The invention relates to a method for casting metal melts from melt vessels having an outlet opening with a vertical axis for the melt that forms a pouring stream of molten metal.
Metal melts are usually allowed to emerge simply in free fall from melt vessels with bottom openings. The pouring stream of molten metal can be processed further in many ways. For example, it is possible to supply the pouring stream of molten metal to a casting mold, in which a complicated molded object is produced, or also to a block casting mold for the production of a block or ingot. To produce metal powder, it is furthermore possible to supply the pouring stream of molten metal to a centrifugal disk or an atomizer jet, which divides the pouring stream of molten metal into fine particles.

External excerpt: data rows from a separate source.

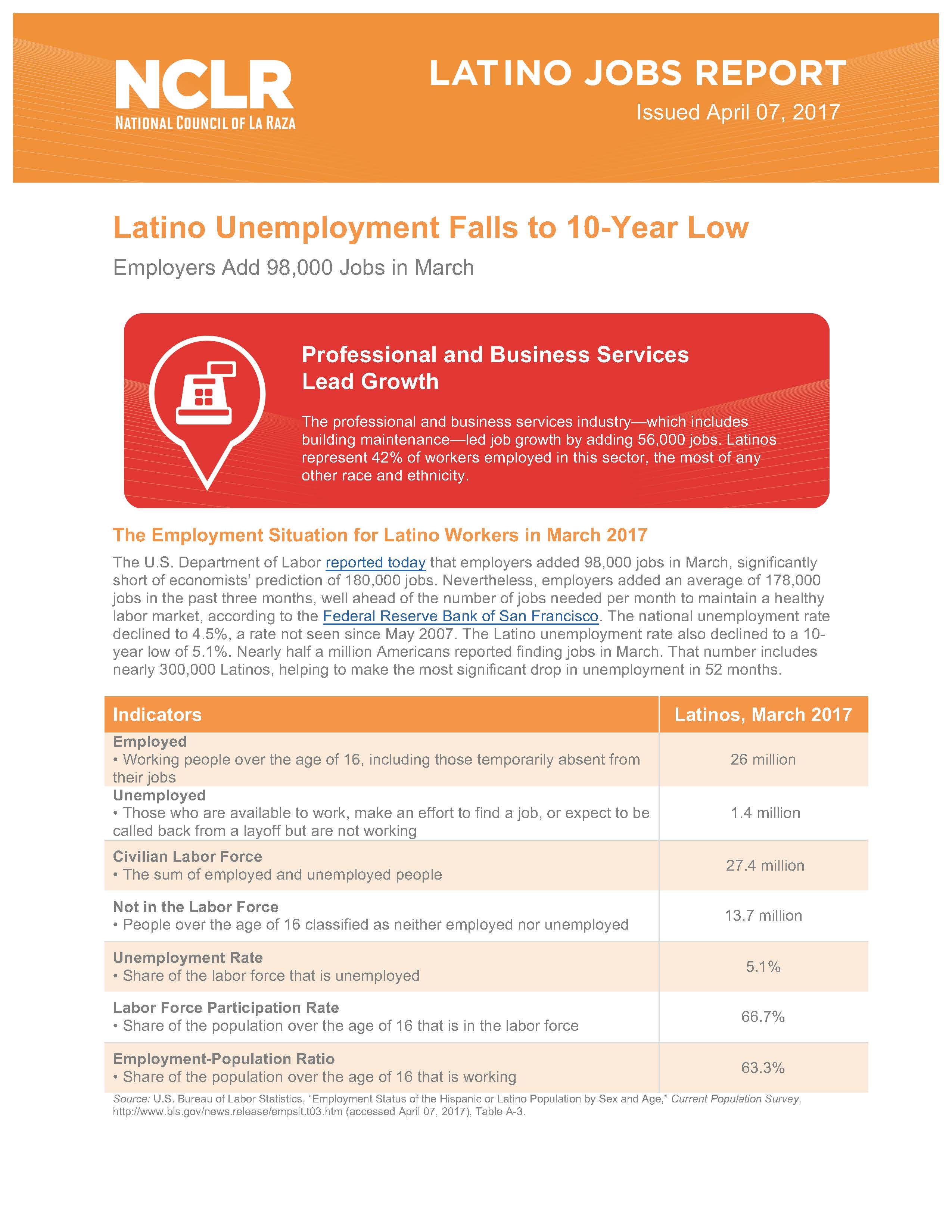 Jobs for latins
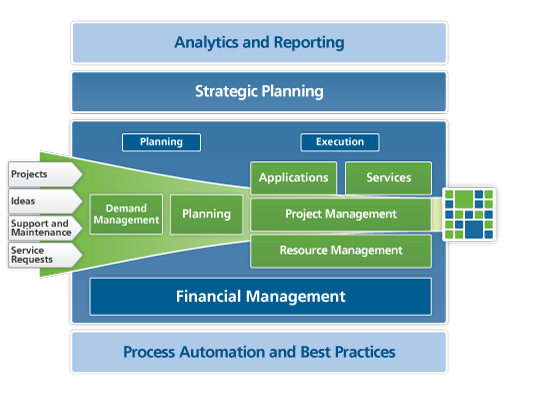 strategic management plan strategic management plan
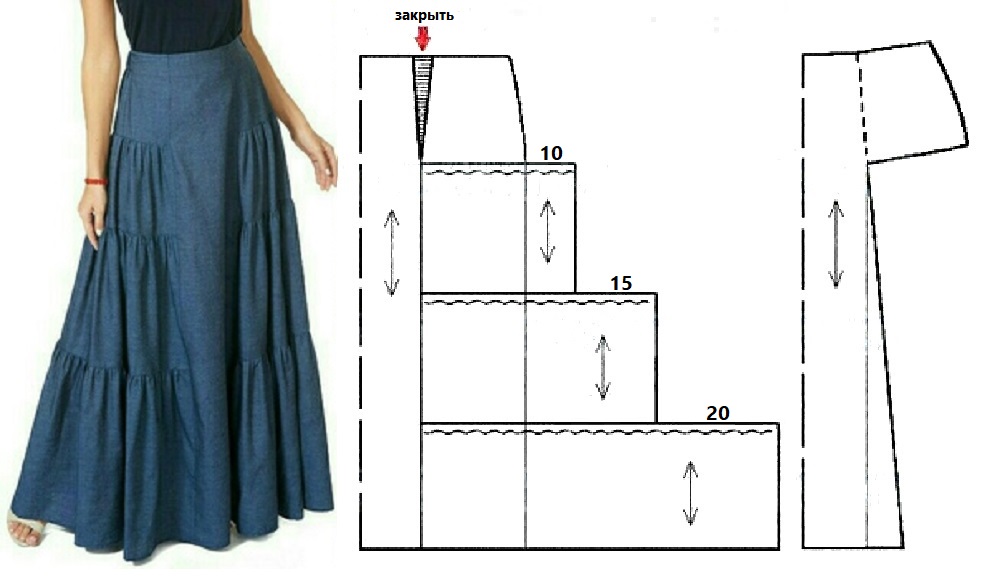 Шьем юбки сами | как сделать выкройку и сшить юбку на резинке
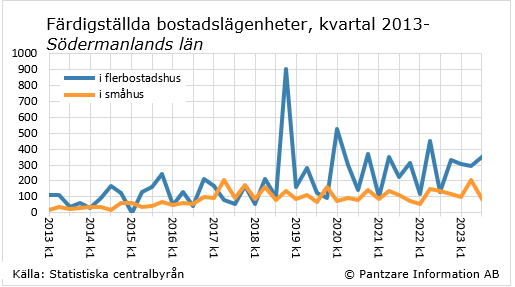 Diagram nuläge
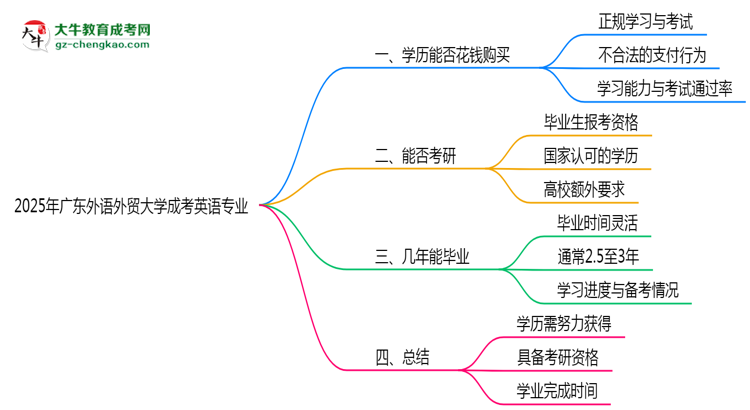 2025年廣東外語外貿大學成考英語專業(yè)學歷花錢能買到嗎？思維導圖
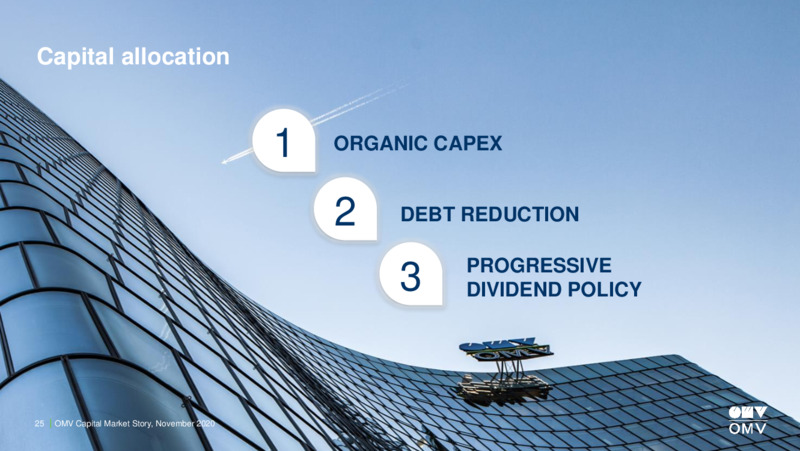 Capital Market Story November 2020 – OMV Group – slide 24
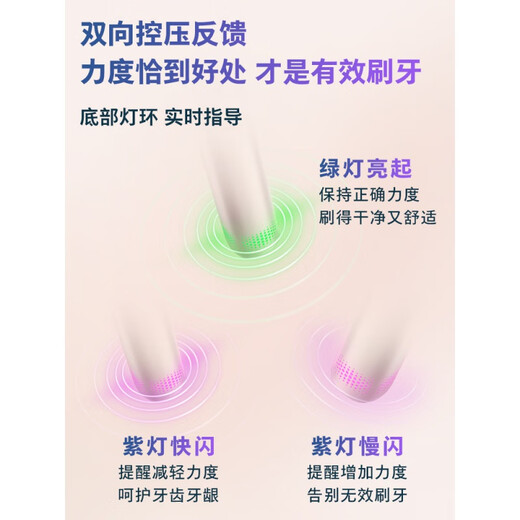 飞利浦（PHILIPS）【肖战同款】飞利浦电动牙刷钻石7系Pro护敏刷成人情侣软毛 【到手3支刷头】钻石7系Pro护敏刷午夜蓝(代言人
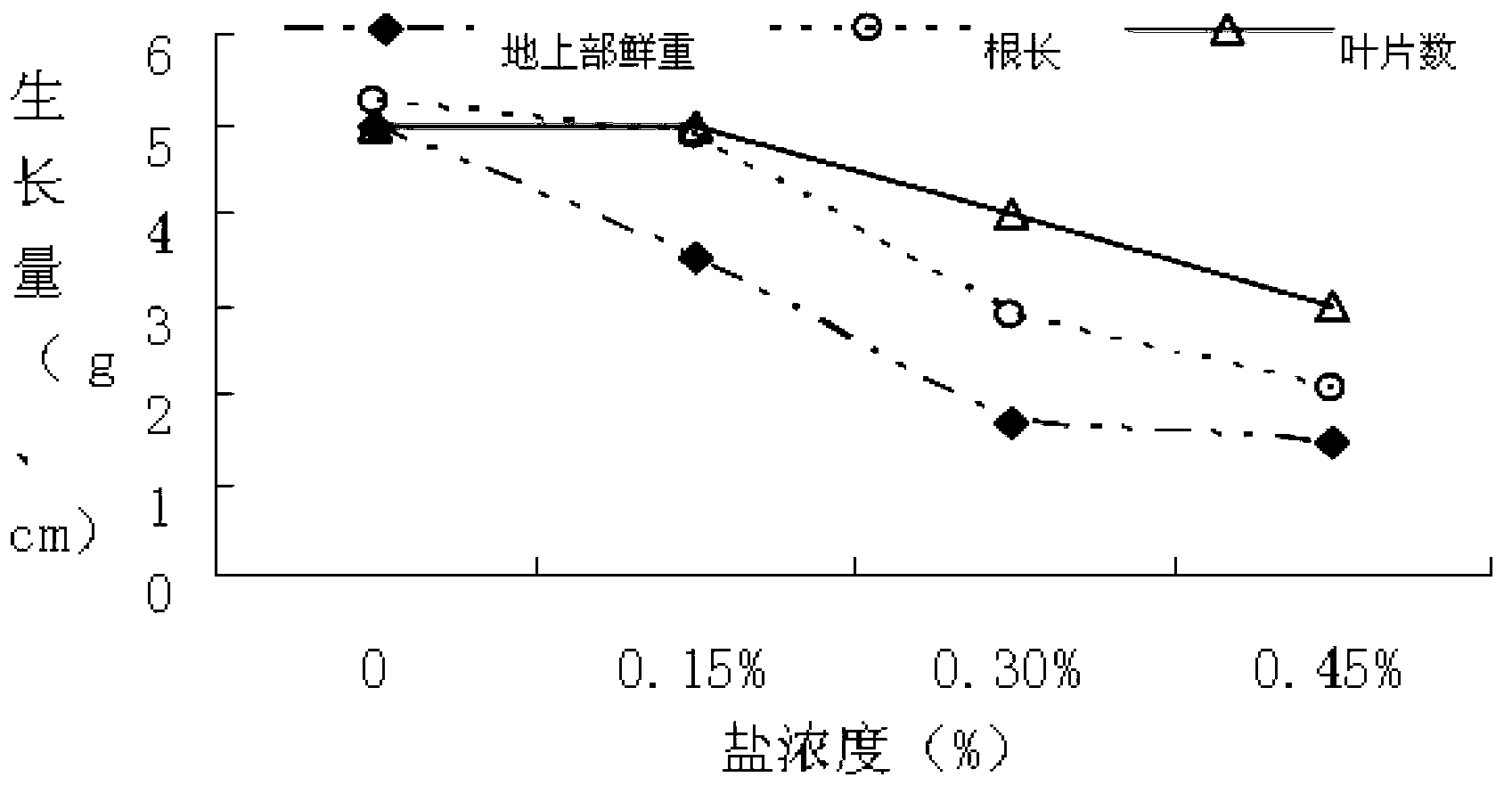 Method for rapidly identifying and selecting salt-tolerant peanut varieties in room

From the German Auslegeschrift 1,041,652 it is known to surround the vertical tubular elongation of the bottom opening of a crucible with a cylindrical induction coil in order to be able to interrupt the pouring stream of molten metal (using the pinch effect), so that the pouring stream of molten metal freezes due to the appropriate withdrawal of heat, and to melt the frozen "plug" subsequently once again by inductive heating with an appropriate frequency, so that casting can be recommenced.
The melt vessel may also be a so-called "funnel", in which the melt stays only a very short time for centering or for forming a pouring stream of molten metal with a defined cross section. Such a funnel usually has a ceramic interior surface or a lining to produce the required, thermal stability.
The positioning of the pouring stream of molten metal and the adjustment of the stream to one of defined cross section are required especially for so-called atomizing installations, in which a vertical pouring stream of molten metal concentrically enters an axially symmetrical jet system and in which the stream is divided into a fine powder by the supersonic flow of an inert gas. The previously used ceramic casting funnels are generally also heated in order to keep at a low value the temperature losses of the melt which arise due to contact with the inner wall of the funnel.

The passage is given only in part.